En introduction de cette première plénière, qui traite de l’évolution des relations entre entreprises et territoires, nous allons écouter Bernard Morel, chef du département de l’action régionale à l’Insee, qui va nous présenter un panorama portant sur les villes moyennes (voir page 10 à 13).

Bernard Morel

Mon propos est forcément assez lapidaire, il ne s’agit pas de dresser un panorama exhaustif des villes moyennes, mais d’esquisser à grands traits ce qui est commun aux villes moyennes (aires urbaines qui ont une ville-centre située entre 20 000 et 100 000 habitants – ndlr : cela écarte quelques villes de l’aire parisienne, mais nous retrouvons l’essentiel des adhérents de la FMVM) et ce qui permet de les différencier. J’aborderai plusieurs thèmes : la démographie, l’emploi, les entreprises et leurs relations aux autres aires urbaines.

Ce champ d’étude comprend ainsi 133 aires urbaines qui regroupent près de 13 millions d’habitants, soit 20,9 % de la population métropolitaine en 2007. Elles sont très largement réparties sur l’ensemble du territoire.
Au niveau des principales tendances démographiques depuis 1962, on constate que la courbe de leur croissance démographique est intermédiaire entre les métropoles et les grandes aires urbaines, et le reste du territoire.
Il est vrai que la croissance de leur population est très régulière sur cette période, mais elle reste bien inférieure à ce que connaissent les métropoles. Sur la période plus récente entre 1999 et 2007, ce que je viens de dire doit être plus nuancé. Il y a croissance équivalente.

L’intérêt de la différenciation entre les aires urbaines des villes moyennes et les autres aires urbaines est important dans la relation qu’elles entretiennent à leur périphérie. Cette différenciation permet de voir que l’accélération de la population, dans la période récente, existe dans les métropoles et leur périphérie.
À l’inverse, dans les autres aires urbaines, la croissance de la population est toujours plus importante en périphérie que dans les villes centre. On peut considérer qu’il existe un décalage dans le temps, et l’on va assister dans les années à venir, à un freinage de la périurbanisation et à un retour de croissance dans les villes centre. Il faut aussi voir que les trajectoires démographiques des aires urbaines des villes moyennes sont assez étroitement liées à leur territoire et donc assez différenciées.

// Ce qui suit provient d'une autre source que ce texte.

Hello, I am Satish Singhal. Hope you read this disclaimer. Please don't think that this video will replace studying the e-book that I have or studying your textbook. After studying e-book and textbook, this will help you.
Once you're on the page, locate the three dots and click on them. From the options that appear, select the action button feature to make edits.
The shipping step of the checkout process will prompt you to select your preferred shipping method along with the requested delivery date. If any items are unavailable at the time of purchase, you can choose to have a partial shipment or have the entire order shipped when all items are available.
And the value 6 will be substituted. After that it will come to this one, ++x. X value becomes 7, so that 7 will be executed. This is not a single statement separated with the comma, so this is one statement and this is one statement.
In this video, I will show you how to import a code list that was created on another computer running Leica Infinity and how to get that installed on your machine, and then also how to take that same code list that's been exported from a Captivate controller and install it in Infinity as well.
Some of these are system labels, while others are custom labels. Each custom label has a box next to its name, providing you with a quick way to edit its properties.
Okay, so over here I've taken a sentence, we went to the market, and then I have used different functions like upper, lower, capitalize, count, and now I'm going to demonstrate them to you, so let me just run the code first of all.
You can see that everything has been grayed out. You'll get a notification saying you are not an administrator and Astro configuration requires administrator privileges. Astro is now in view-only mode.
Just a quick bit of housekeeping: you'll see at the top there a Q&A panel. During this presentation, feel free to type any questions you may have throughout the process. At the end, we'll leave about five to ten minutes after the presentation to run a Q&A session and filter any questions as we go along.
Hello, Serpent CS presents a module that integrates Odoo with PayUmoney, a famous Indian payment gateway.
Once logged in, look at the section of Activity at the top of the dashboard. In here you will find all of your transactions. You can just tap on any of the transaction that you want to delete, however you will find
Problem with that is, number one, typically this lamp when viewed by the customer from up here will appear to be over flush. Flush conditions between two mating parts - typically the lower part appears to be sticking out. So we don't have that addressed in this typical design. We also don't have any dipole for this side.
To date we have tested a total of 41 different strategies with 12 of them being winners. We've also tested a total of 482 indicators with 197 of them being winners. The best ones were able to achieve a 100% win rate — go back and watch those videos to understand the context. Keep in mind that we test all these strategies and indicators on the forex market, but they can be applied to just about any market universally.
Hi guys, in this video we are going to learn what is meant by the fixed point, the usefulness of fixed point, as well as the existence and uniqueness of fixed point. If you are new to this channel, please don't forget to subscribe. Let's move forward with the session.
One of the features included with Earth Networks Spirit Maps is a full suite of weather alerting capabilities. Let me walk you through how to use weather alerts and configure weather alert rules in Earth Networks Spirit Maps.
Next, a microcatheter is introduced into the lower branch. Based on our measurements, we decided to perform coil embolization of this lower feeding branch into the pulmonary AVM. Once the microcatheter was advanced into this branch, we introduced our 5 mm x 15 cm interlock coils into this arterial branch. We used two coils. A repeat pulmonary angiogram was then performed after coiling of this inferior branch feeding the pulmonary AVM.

Au niveau de la structure par âge de la population, on constate un déficit de population entre 20 et 30 ans, que l’on retrouve dans les métropoles ou les grandes aires urbaines. Dans cette pyramide, là aussi, la géographie compte, comme par exemple pour la proportion des personnes de plus de 60 ans, que l’on retrouve en plus grand nombre dans la moitié sud du pays.
S’agissant du jeu des migrations et des flux de populations entre aires urbaines, les aires des villes moyennes perdent des jeunes qui vont vers les métropoles (entre 15 et 30 ans). S’agissant des familles et des personnes âgées, le rôle des villes moyennes suit un schéma inverse, elles sont globalement attractives.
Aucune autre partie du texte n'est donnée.